**What you have to do:**
Reproduce word for word the lines between the one containing "Bicolor Ring 925" and the end of the entries below, both inclusive; leave out pictures.

**Exercise materials:**
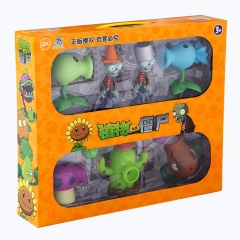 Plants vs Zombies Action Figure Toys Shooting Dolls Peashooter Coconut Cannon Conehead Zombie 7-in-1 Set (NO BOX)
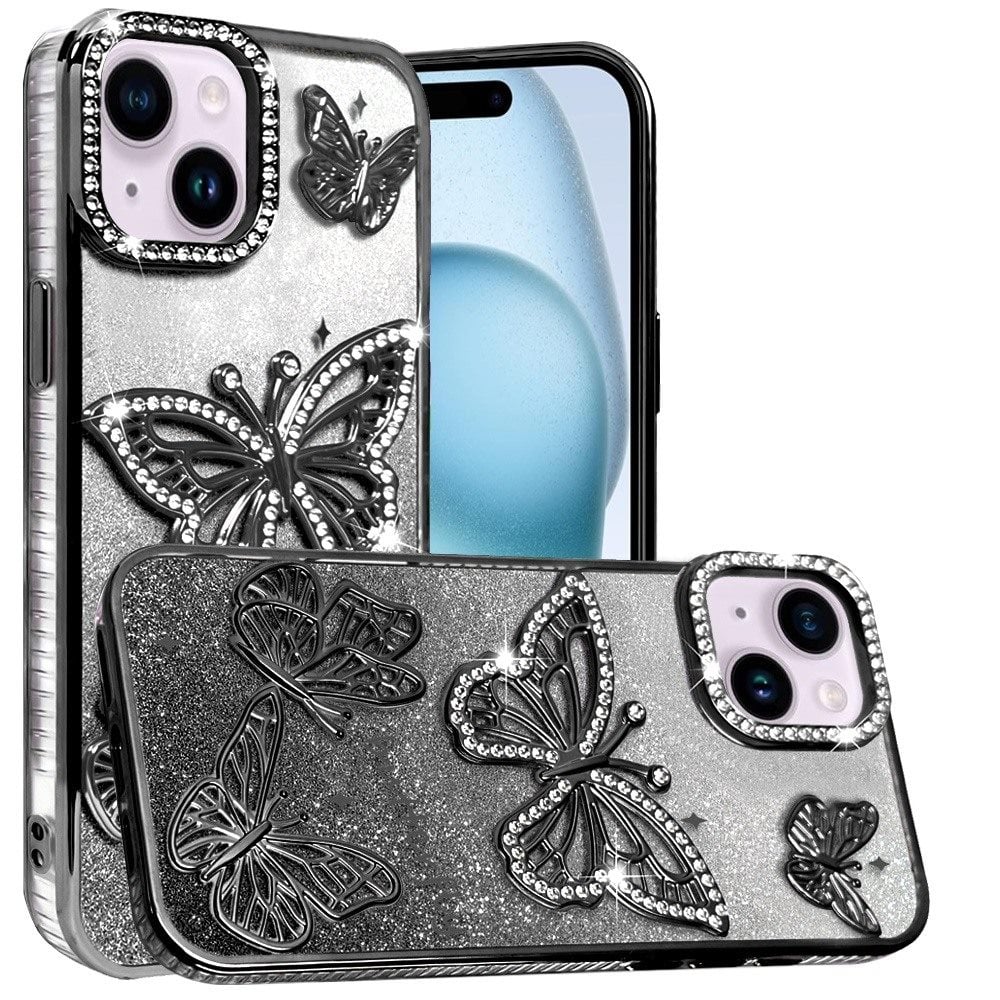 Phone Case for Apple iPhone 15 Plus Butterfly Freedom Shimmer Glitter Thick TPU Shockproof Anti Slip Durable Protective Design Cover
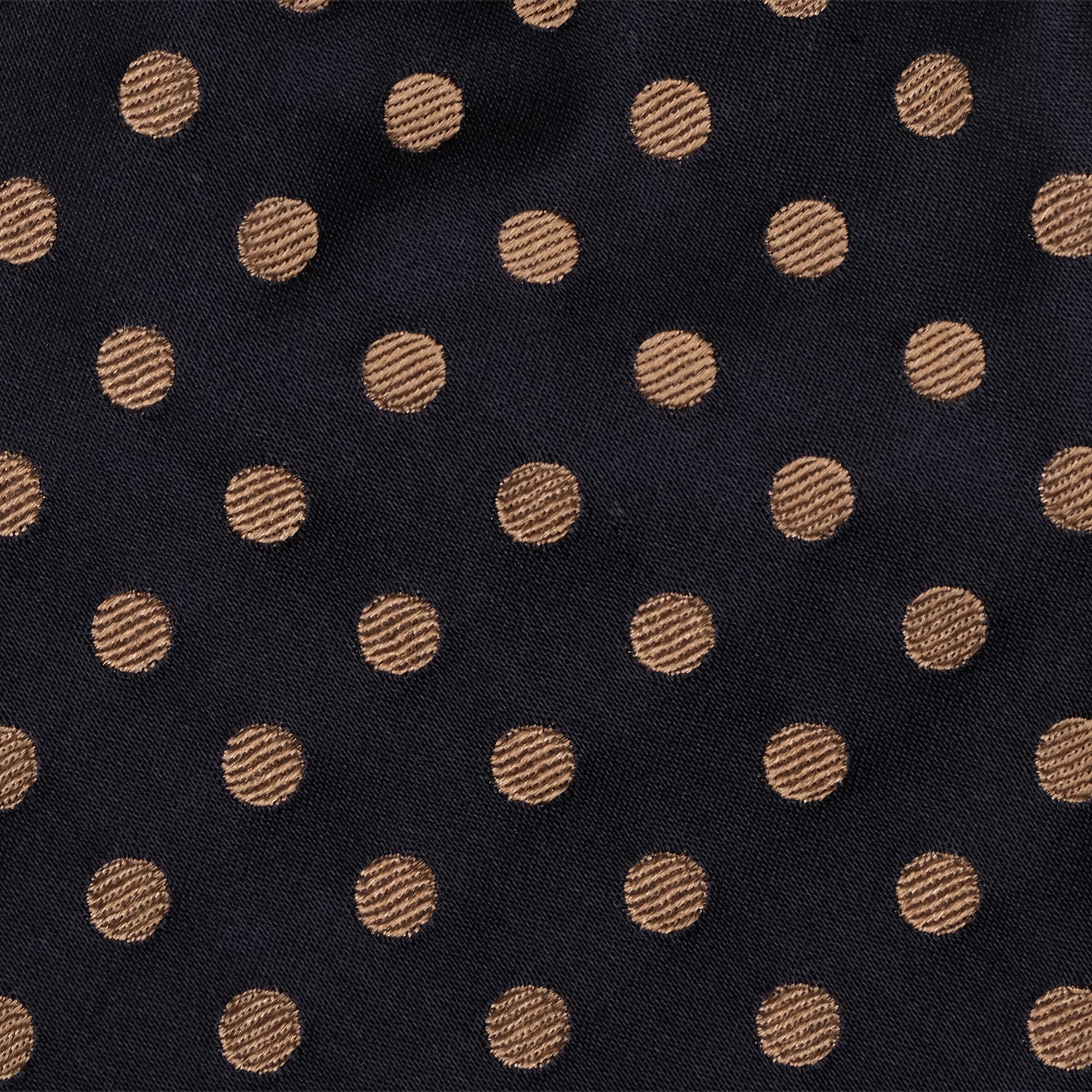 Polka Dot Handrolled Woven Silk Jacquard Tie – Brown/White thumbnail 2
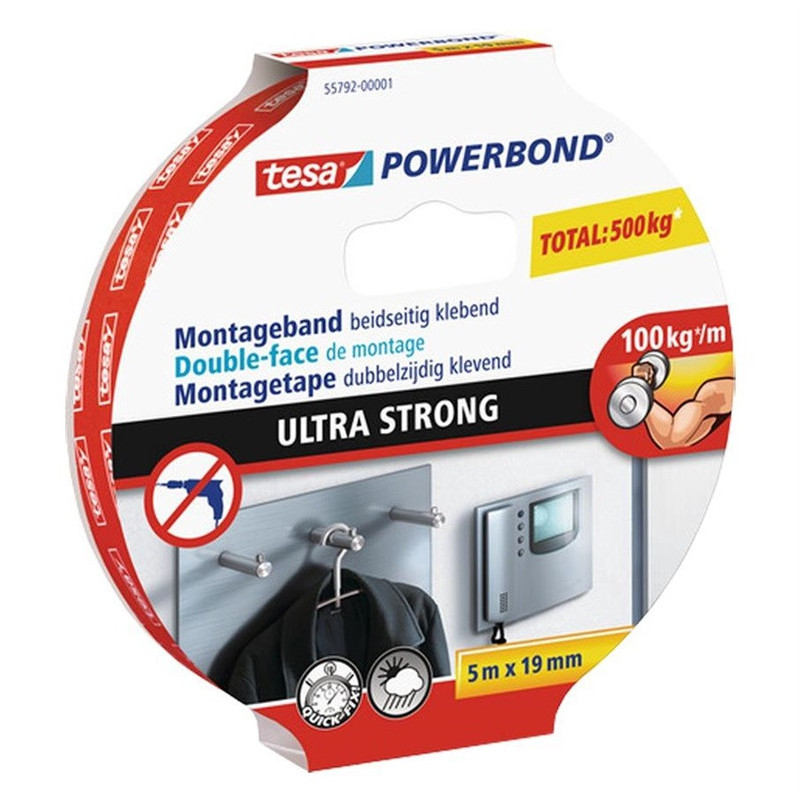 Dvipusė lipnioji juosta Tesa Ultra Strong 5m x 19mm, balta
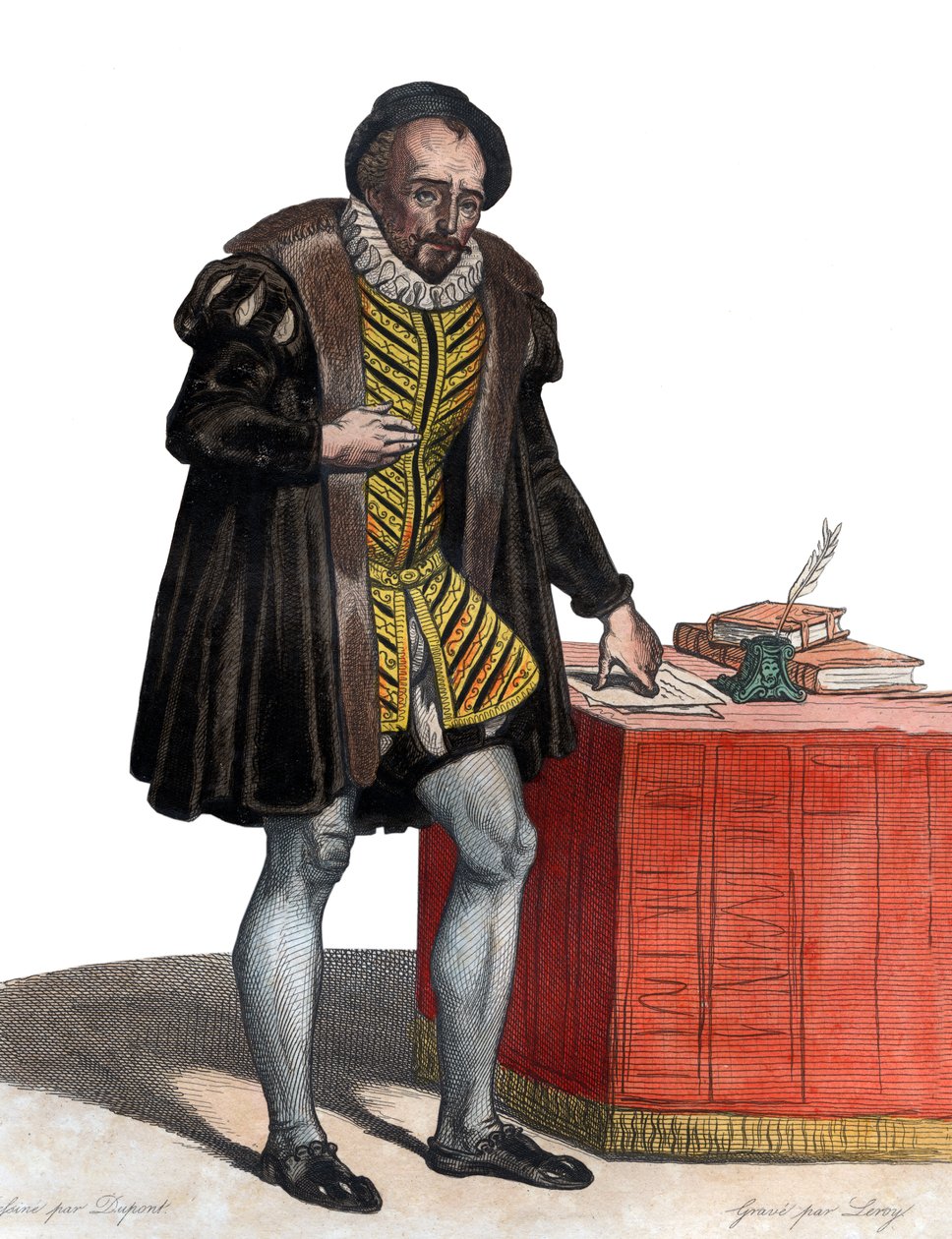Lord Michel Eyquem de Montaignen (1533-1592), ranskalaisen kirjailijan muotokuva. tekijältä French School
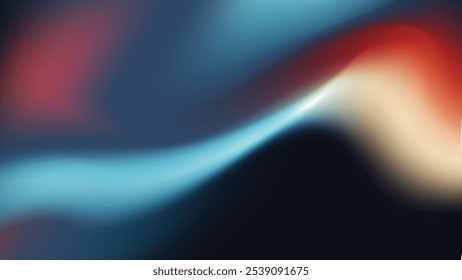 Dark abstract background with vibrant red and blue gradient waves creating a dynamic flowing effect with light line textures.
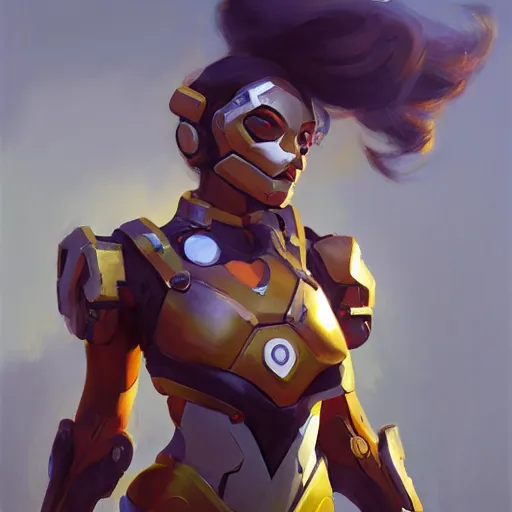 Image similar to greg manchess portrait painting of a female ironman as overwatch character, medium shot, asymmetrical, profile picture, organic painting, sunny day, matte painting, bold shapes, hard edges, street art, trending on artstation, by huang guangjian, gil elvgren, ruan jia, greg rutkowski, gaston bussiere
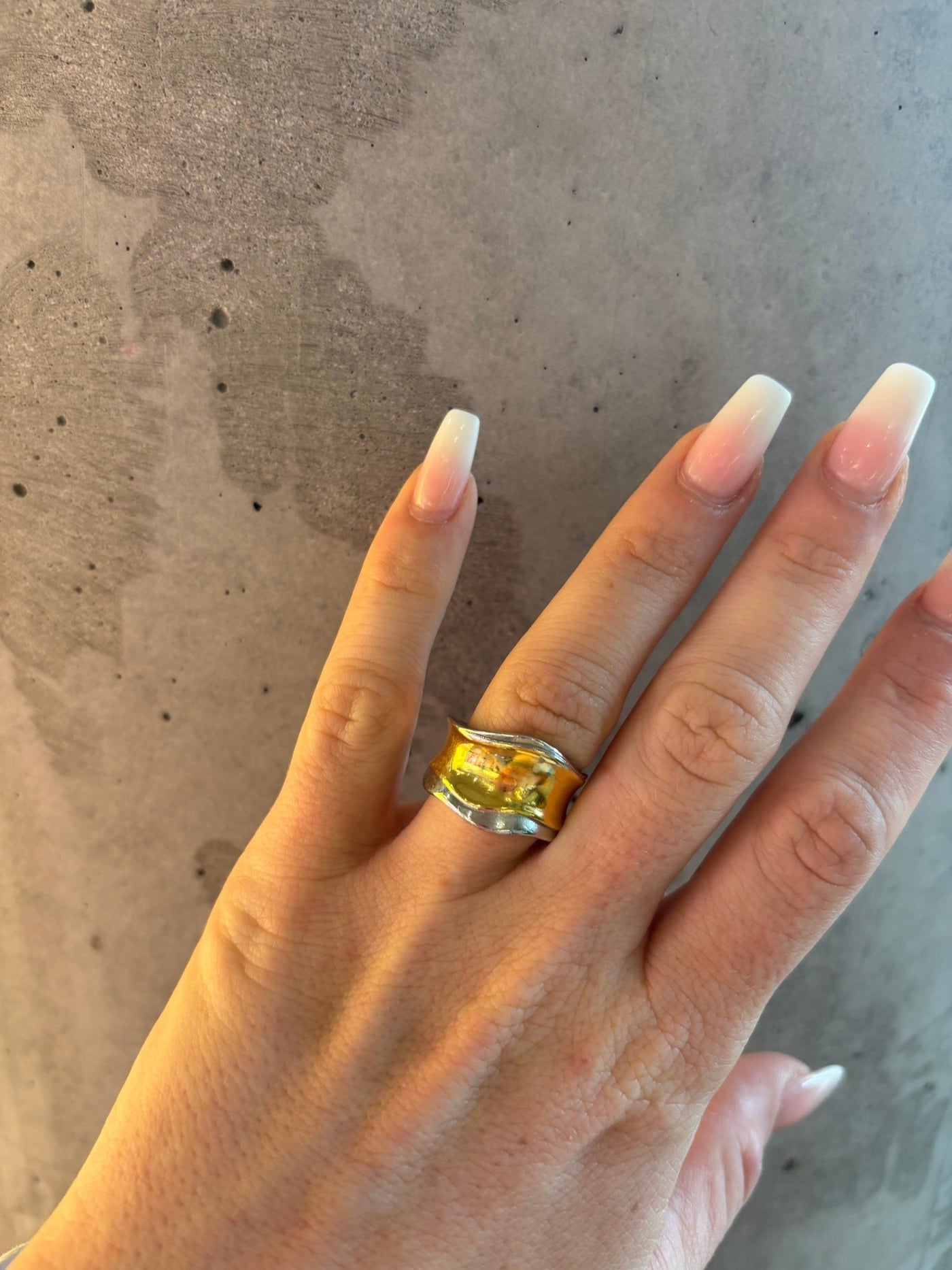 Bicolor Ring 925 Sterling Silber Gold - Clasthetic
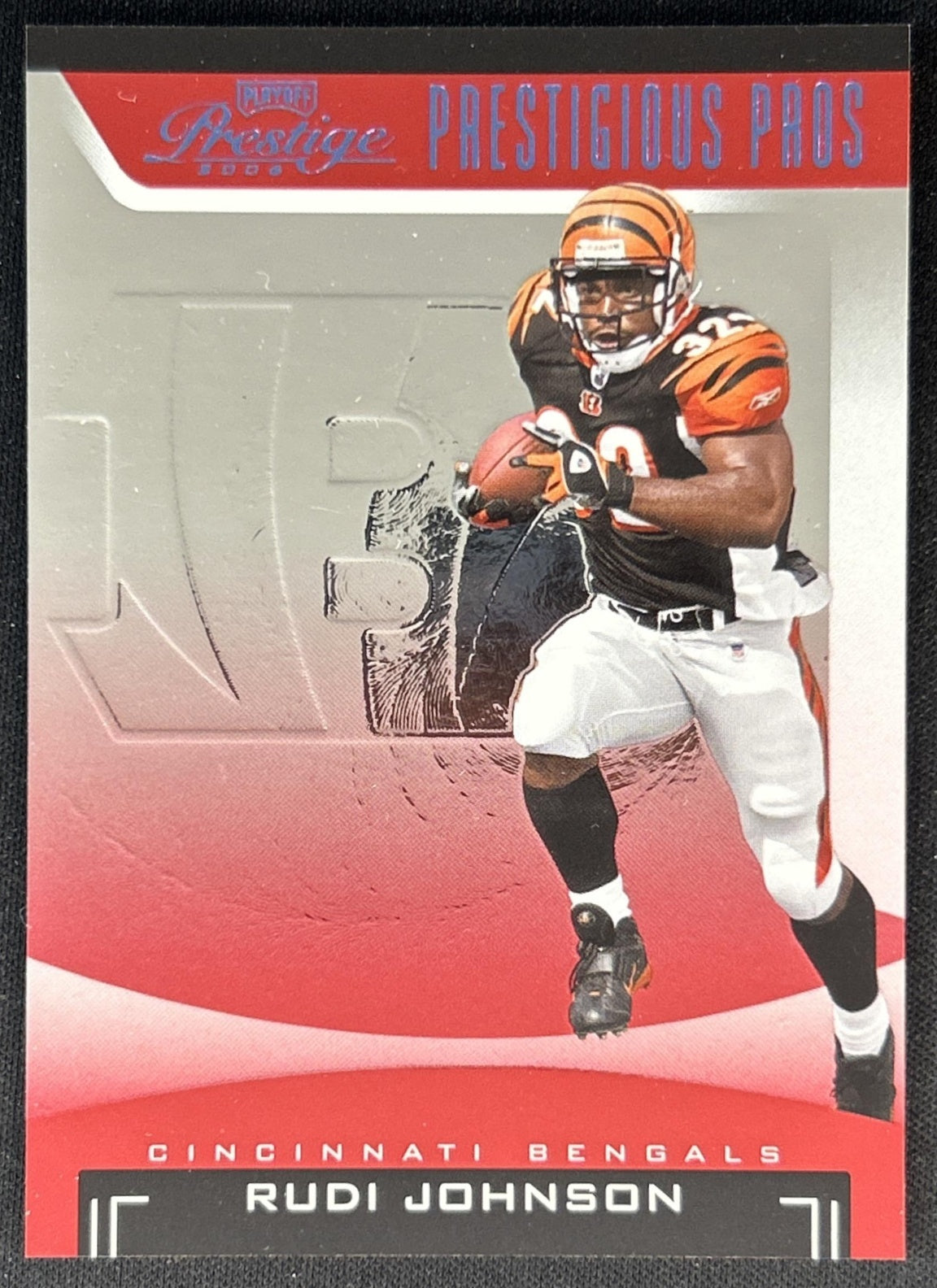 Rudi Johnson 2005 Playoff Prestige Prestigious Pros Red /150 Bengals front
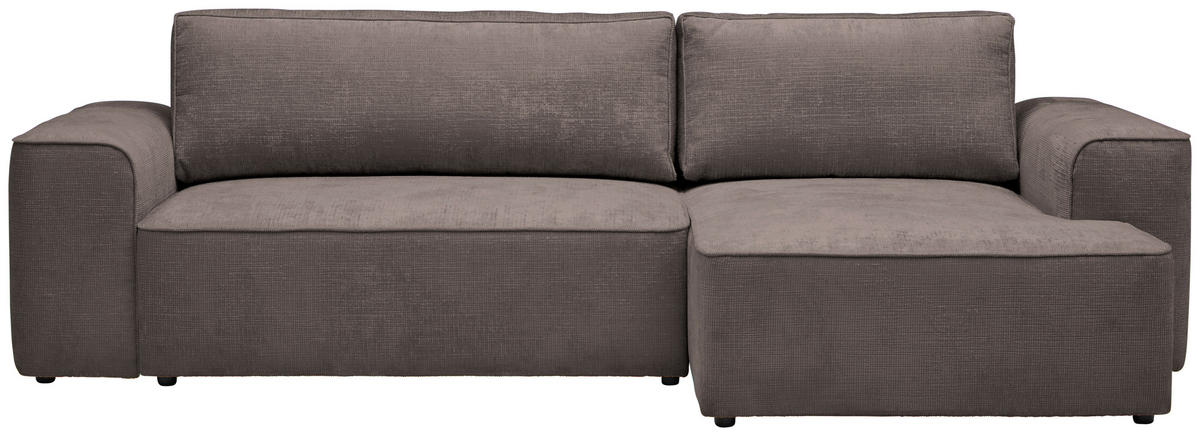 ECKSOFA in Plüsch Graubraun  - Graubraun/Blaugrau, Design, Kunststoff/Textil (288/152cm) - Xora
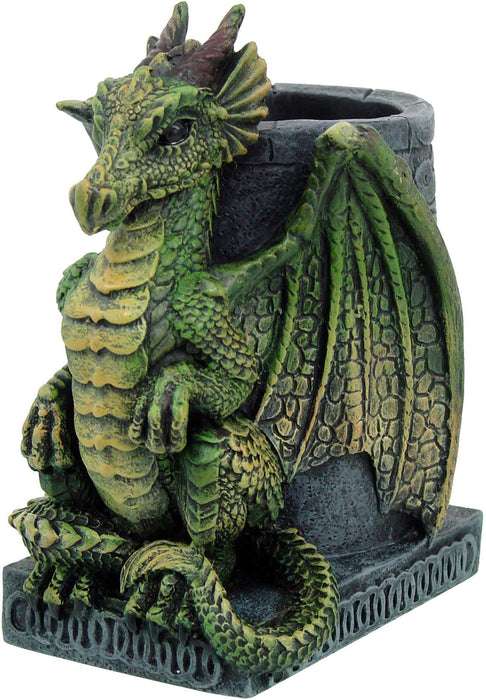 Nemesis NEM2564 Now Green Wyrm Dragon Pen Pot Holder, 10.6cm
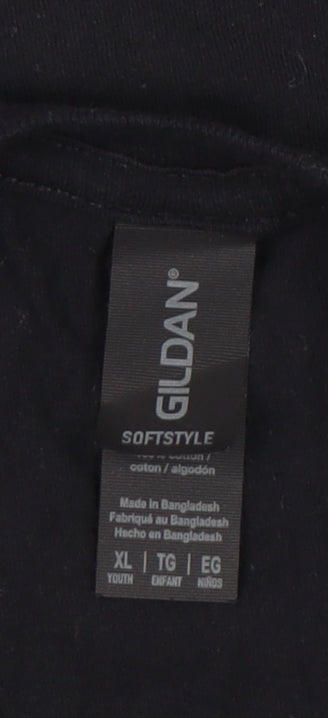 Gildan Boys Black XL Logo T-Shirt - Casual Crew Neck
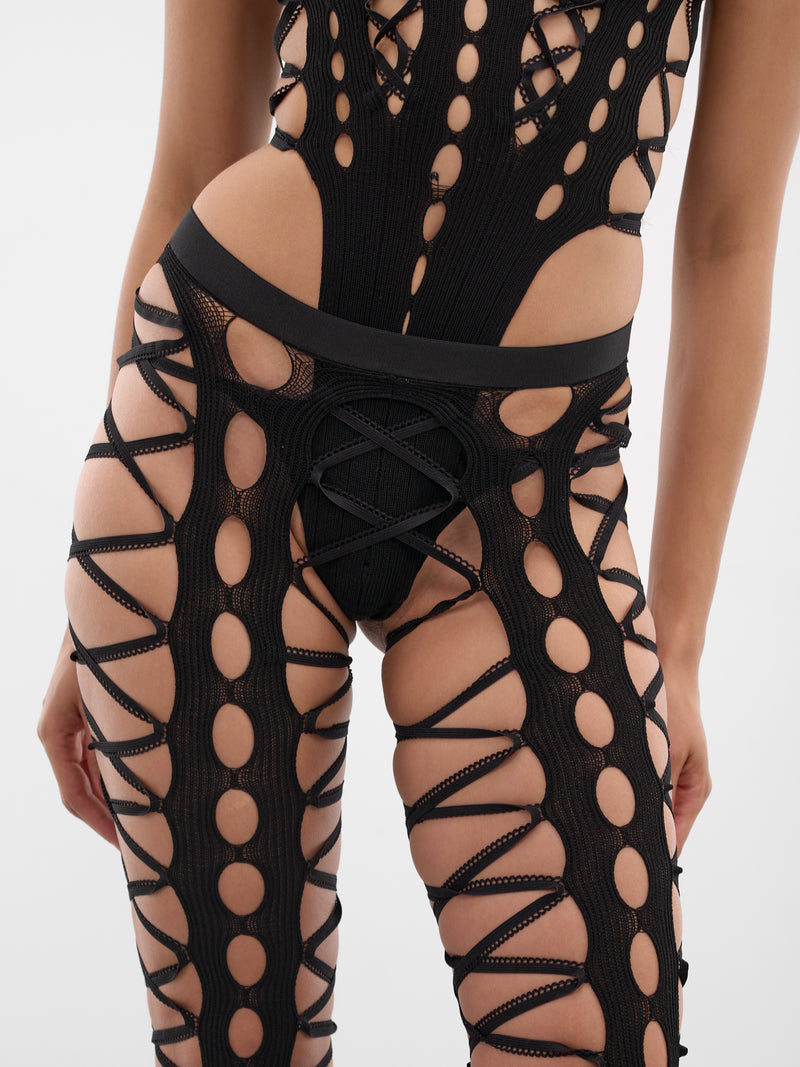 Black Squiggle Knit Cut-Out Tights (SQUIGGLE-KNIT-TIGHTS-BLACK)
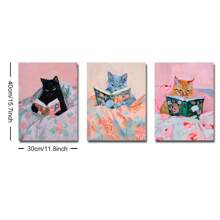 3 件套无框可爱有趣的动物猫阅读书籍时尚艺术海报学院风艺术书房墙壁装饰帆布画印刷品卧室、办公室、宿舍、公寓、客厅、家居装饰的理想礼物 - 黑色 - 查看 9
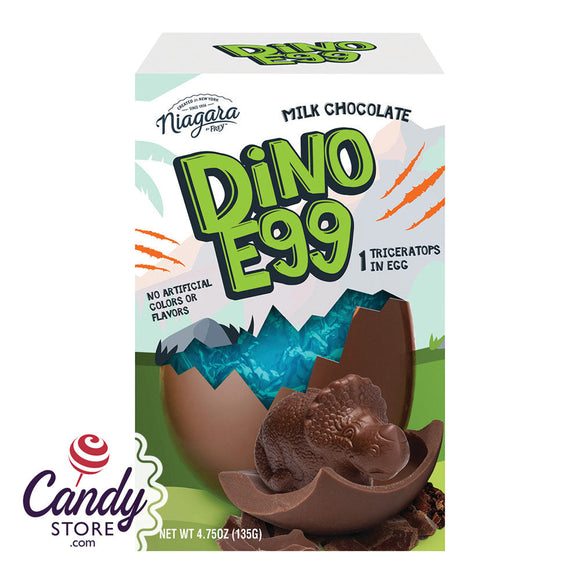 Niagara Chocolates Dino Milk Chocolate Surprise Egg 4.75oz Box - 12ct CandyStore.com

**Solution to this exercise:**
 Bicolor Ring 925 Sterling Silber Gold - Clasthetic
 Rudi Johnson 2005 Playoff Prestige Prestigious Pros Red /150 Bengals front
 ECKSOFA in Plüsch Graubraun  - Graubraun/Blaugrau, Design, Kunststoff/Textil (288/152cm) - Xora
 Nemesis NEM2564 Now Green Wyrm Dragon Pen Pot Holder, 10.6cm
 Gildan Boys Black XL Logo T-Shirt - Casual Crew Neck
 Black Squiggle Knit Cut-Out Tights (SQUIGGLE-KNIT-TIGHTS-BLACK)
 3 件套无框可爱有趣的动物猫阅读书籍时尚艺术海报学院风艺术书房墙壁装饰帆布画印刷品卧室、办公室、宿舍、公寓、客厅、家居装饰的理想礼物 - 黑色 - 查看 9
 Niagara Chocolates Dino Milk Chocolate Surprise Egg 4.75oz Box - 12ct CandyStore.com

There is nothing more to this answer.